Segment Start: MATERIAL PROVIDED
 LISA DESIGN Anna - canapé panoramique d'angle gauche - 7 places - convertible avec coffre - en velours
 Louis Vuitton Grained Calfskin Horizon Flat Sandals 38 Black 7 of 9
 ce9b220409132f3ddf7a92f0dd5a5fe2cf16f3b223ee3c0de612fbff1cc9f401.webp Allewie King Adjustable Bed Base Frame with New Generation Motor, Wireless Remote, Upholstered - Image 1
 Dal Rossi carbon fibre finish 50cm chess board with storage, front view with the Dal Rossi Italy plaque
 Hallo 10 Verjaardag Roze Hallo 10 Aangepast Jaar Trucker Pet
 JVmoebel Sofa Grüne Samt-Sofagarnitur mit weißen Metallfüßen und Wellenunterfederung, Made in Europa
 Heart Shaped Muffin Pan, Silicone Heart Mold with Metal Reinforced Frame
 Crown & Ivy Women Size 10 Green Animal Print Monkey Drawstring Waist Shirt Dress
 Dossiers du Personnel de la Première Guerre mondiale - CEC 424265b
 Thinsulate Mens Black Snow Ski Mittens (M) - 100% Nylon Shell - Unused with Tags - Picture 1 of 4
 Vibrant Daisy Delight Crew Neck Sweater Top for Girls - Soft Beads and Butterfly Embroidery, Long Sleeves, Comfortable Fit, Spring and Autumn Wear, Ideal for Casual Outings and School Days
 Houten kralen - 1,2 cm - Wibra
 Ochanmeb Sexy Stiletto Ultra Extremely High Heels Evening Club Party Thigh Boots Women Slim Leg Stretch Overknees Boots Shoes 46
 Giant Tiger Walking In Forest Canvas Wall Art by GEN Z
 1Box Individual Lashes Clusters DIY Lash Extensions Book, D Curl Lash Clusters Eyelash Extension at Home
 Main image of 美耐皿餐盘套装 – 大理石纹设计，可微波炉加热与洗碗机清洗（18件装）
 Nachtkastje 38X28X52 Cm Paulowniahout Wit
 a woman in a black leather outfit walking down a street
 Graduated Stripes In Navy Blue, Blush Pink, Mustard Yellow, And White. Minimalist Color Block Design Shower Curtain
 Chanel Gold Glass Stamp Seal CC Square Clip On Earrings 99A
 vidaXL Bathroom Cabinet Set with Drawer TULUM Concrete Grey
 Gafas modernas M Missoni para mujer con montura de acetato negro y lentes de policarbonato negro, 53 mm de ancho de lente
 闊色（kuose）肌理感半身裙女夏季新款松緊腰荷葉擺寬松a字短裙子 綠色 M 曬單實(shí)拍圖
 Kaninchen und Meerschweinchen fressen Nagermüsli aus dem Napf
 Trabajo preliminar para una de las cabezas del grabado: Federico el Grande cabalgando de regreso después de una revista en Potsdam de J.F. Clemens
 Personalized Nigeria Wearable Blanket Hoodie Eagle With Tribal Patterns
Segment End: MATERIAL PROVIDED
DESCRIPTION OF THE TASK: Show the lines of the records that include the string "Women".

SOLVED PROBLEM:
 Crown & Ivy Women Size 10 Green Animal Print Monkey Drawstring Waist Shirt Dress
 Ochanmeb Sexy Stiletto Ultra Extremely High Heels Evening Club Party Thigh Boots Women Slim Leg Stretch Overknees Boots Shoes 46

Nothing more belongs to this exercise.